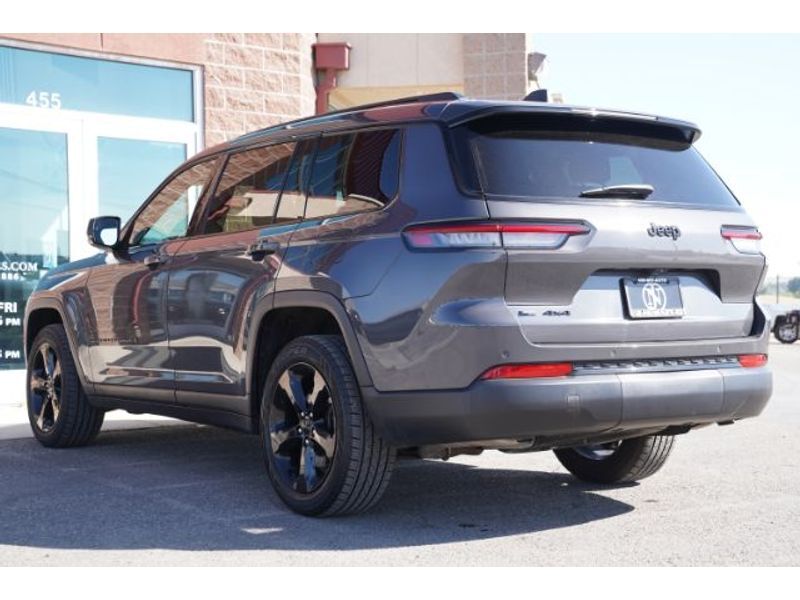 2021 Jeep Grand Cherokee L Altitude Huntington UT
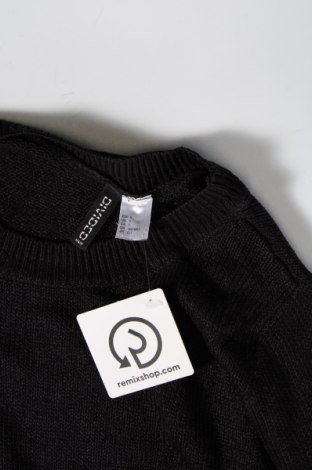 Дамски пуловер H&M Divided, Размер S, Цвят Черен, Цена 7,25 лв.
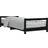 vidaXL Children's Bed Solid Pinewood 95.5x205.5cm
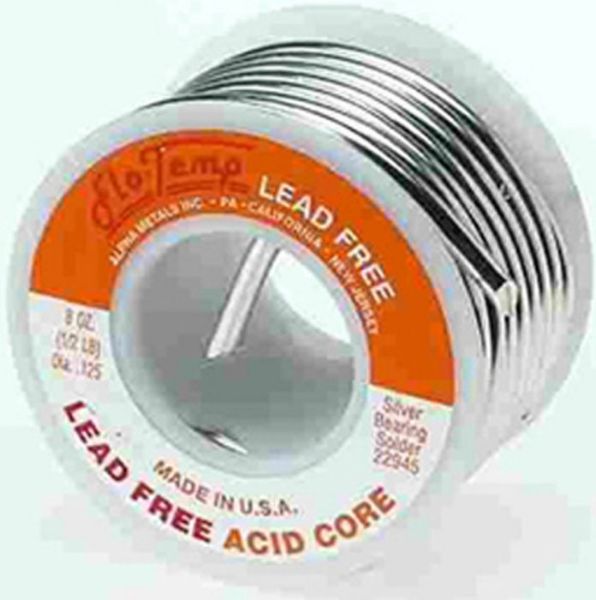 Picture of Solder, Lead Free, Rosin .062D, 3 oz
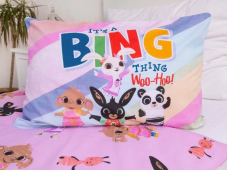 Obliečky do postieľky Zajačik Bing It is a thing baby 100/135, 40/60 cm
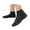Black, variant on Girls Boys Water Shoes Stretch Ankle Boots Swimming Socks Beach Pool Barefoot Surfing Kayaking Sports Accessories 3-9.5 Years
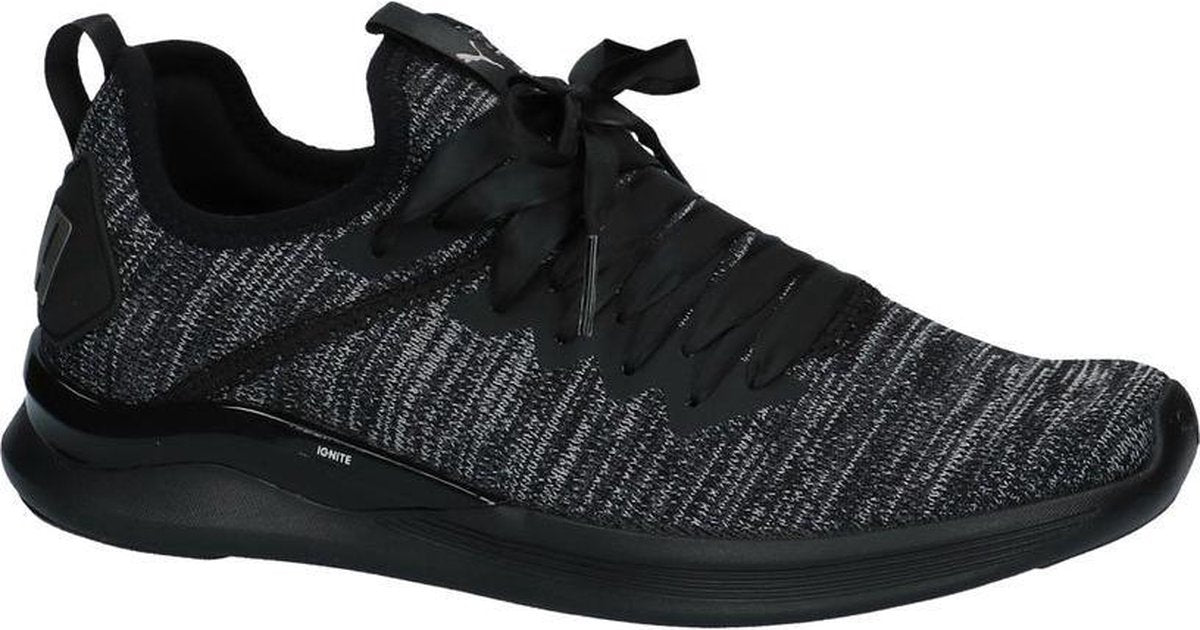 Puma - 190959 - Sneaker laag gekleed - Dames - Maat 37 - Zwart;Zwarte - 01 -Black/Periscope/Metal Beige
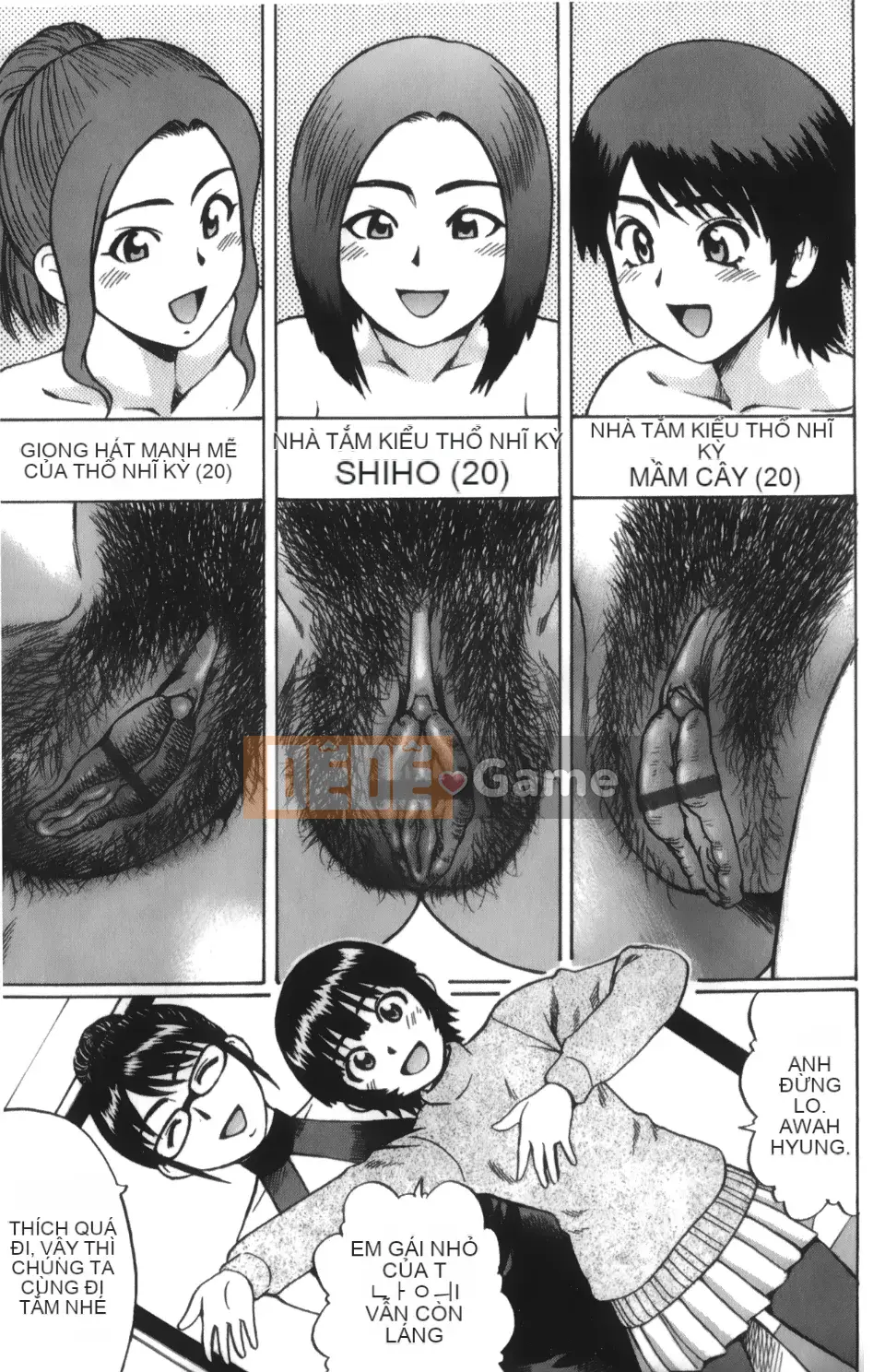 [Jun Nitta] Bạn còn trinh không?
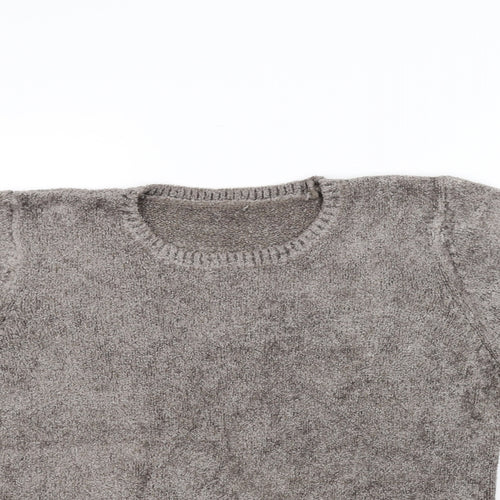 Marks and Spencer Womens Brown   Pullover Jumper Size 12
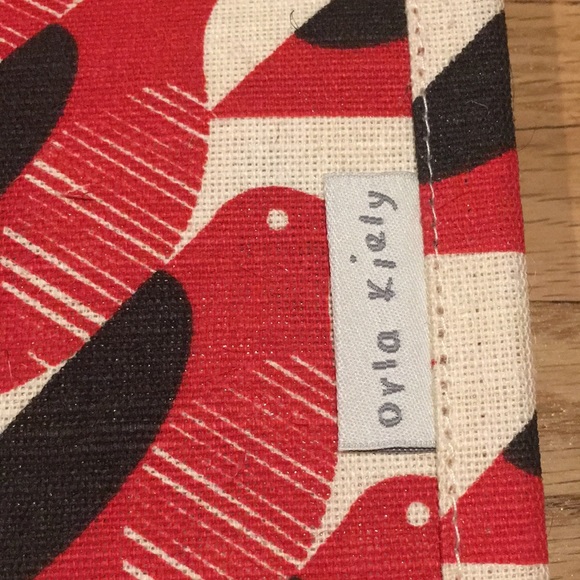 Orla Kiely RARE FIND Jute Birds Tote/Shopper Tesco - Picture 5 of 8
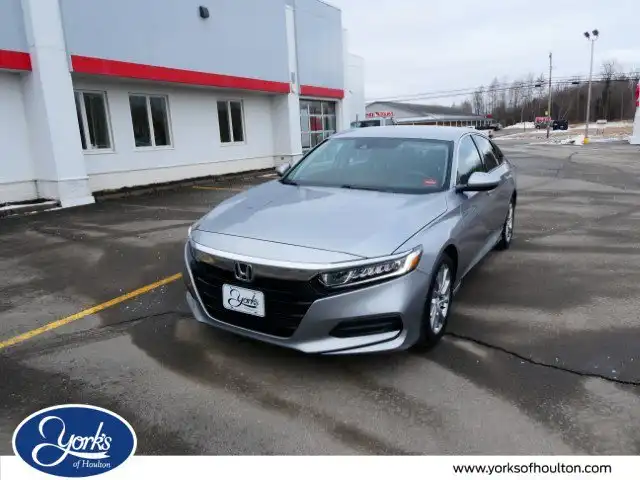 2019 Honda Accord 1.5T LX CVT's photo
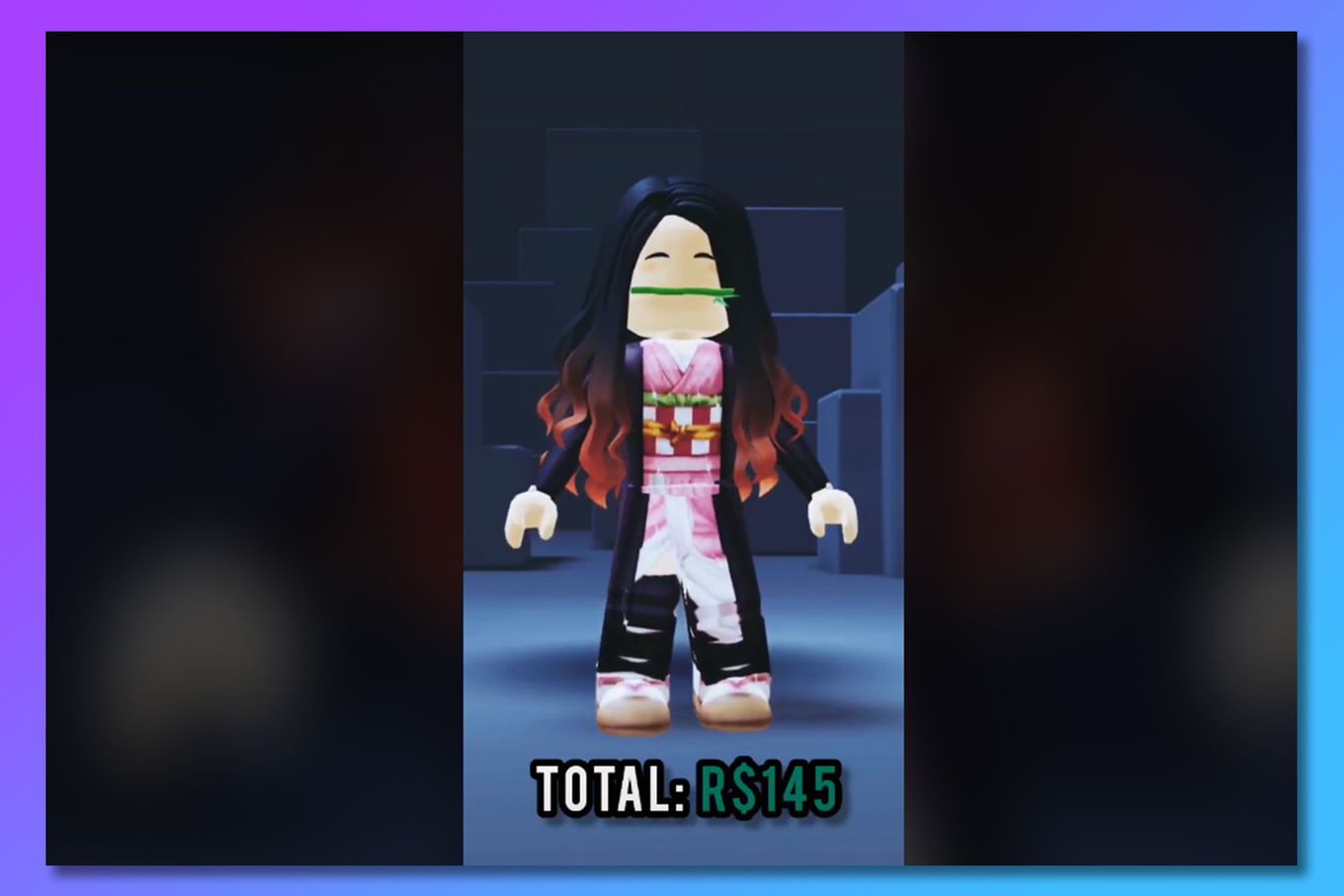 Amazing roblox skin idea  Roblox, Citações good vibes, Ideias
**********
- [WORK INSTRUCTION] Reproduce the lines above exactly, image-free.

- [OUTPUT OF THE EXERCISE]
 2021 Jeep Grand Cherokee L Altitude Huntington UT
 Дамски пуловер H&M Divided, Размер S, Цвят Черен, Цена 7,25 лв.
 vidaXL Children's Bed Solid Pinewood 95.5x205.5cm
 Picture of Solder, Lead Free, Rosin .062D, 3 oz
 Obliečky do postieľky Zajačik Bing It is a thing baby 100/135, 40/60 cm
Black, variant on Girls Boys Water Shoes Stretch Ankle Boots Swimming Socks Beach Pool Barefoot Surfing Kayaking Sports Accessories 3-9.5 Years
 Puma - 190959 - Sneaker laag gekleed - Dames - Maat 37 - Zwart;Zwarte - 01 -Black/Periscope/Metal Beige
 [Jun Nitta] Bạn còn trinh không?
 Marks and Spencer Womens Brown   Pullover Jumper Size 12
 Orla Kiely RARE FIND Jute Birds Tote/Shopper Tesco - Picture 5 of 8
 2019 Honda Accord 1.5T LX CVT's photo
 Amazing roblox skin idea  Roblox, Citações good vibes, Ideias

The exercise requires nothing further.